AUSTIN, TX-After weathering the recession relatively well, compared to its single-family counterpart, the national apartment construction levels have spiraled downward over the course of this year. No doubt, the rising vacancy level and the tighter financing climate have played a large role in halting new development. And with conditions expected to continue for some time, permitting activity and new construction will likely remain low through at least 2010, if not longer.

As a result, contends Richard Moody, chief economist and director of research for Forward Capital LLC, new apartment deliveries will remain low into 2012 and beyond. If this scenario plays out, it’s not necessarily bad news for multifamily players, since an improved economy, job growth and demographic shifts will converge to increase the demand for rental housing.

Whereas single-family construction permits, starts and completions peaked in 2005 and 2006 and then trailed-off, apartment developers remained relatively restrained between 1998 and 2008. During this timeframe, slightly more than 300,000 multifamily units were delivered to the market on an annual basis. Permits and starts were on par with that figure. Yet while development remained stable, most of that product consisted of for-sale condominium units, and rental product accounted for a lower share than usual.

The condo crash ended this trend, and the balance shifted to give the rental component more weight. By year-end 2008, the overall number of multifamily units planned or underway had declined significantly, and continued through 2009.

Indeed, just 109,000 multifamily permits–for structures with five units or more–were issued in June, according to the most recent data from the US Census Bureau and US Department of Housing and Urban Development. That’s a 16% increase over May’s tally of 94,000 units–a record low in terms of permits–and a nearly 80% decrease over June 2008. Meanwhile, 101,000 units were started in June, down nearly 74.8% from the prior 12 months. That’s after developers started 143,000 units in May, and just 80,000 units in April–the lowest figure for starts since the government began tracking this activity in 1959. The shift was less drastic for completions. Some 271,000 units were delivered to the market last month, down 14.2% from May 2009, but nearly on par–up 1.1%–with completions in June 2008.

Whether these trends will continue remains to be seen. Moody notes that during the downturns in the mid-1970s and early 1980s, activity declined similarly but picked up quickly once recovery hit. However, in the most recent slowdown of the 1990s, he says, “The slowdown in multifamily construction persisted for roughly two years before giving way to a moderate, and prolonged, rebound.”

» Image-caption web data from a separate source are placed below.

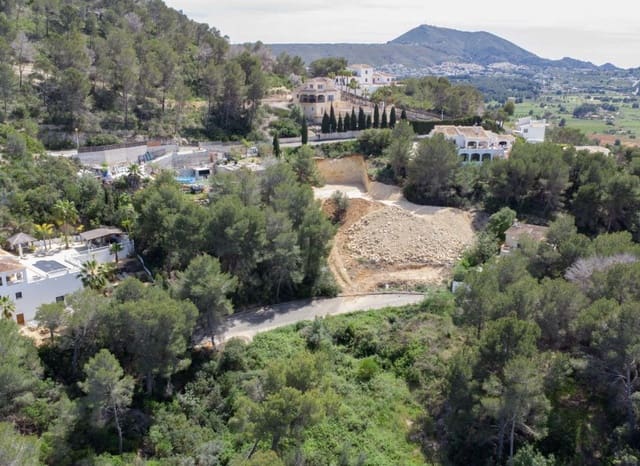 Terreno Não Urbanizado para venda em Javea / Xàbia - 150 000 € (Ref: 9146717)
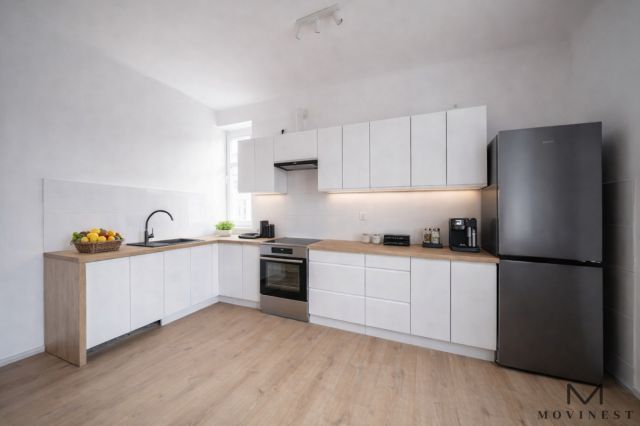 Mieszkanie 2-pokojowe Poznań Łazarz, pl. Stanisława Wyspiańskiego. Zdjęcie 2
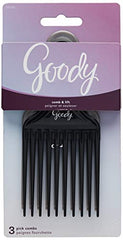 Goody peine levantador para rizos, separación sin encrespamiento.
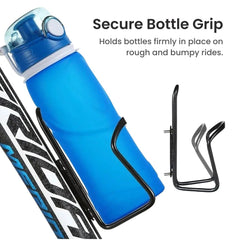 Aluminum Alloy Bike Bottle Holder Folding Bike Cage
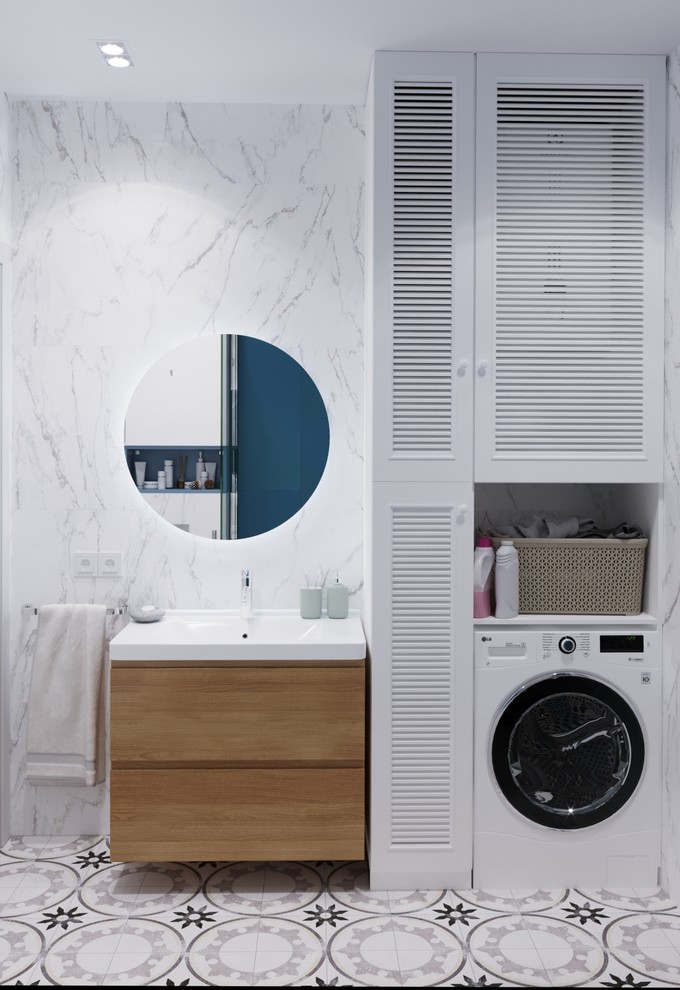 Квартира студия 26.36 кв.м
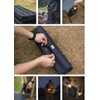 CAMPINGMOON Tactical Admin Molle Pouch Military Camping Tool Bag Storage
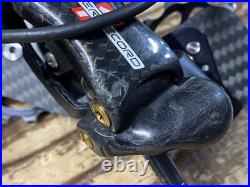 Campagnolo Super Record EPS 4-Piece Set Lever FD RD Battery EP12-SR1CEPS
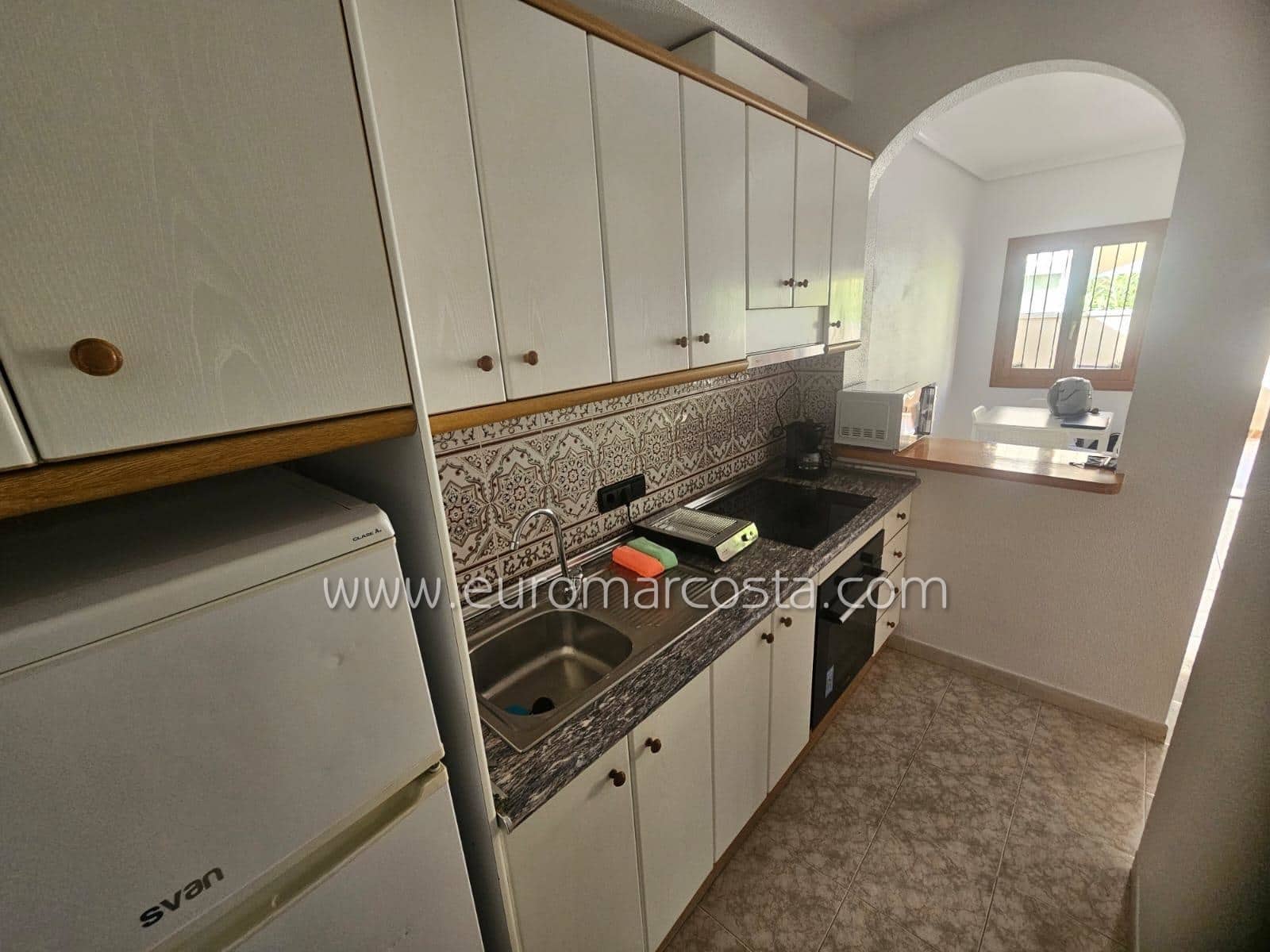 2 slaapkamer Bungalow te koop in Orihuela Costa met zwembad garage - € 185.000 (Ref: 9964299)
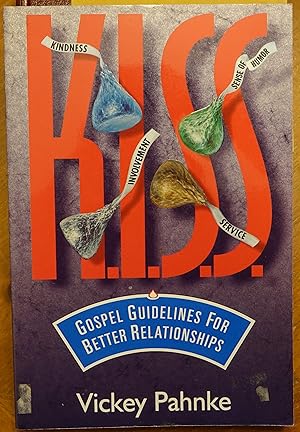 Seller image for K.I.S.S.: Gospel Guidelines for Better Relationships for sale by Faith In Print
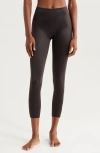 Miraclesuit Flexible Fit Extra-firm Shaping Pantliner In Black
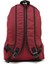 Polo Club Ön Bölmeli Sırt Çantası Kırmızı 2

If construction levels remain low for a longer period, as expected, Moody says, “the result could be considerably tighter conditions in the rental apartment market between 2012 and 2015 than may be imaginable given today’s economic and housing market headlines.” For current owners of apartment properties, patience will pay off, and for investors with capital, now may be the time to snap up multifamily assets at attractive prices.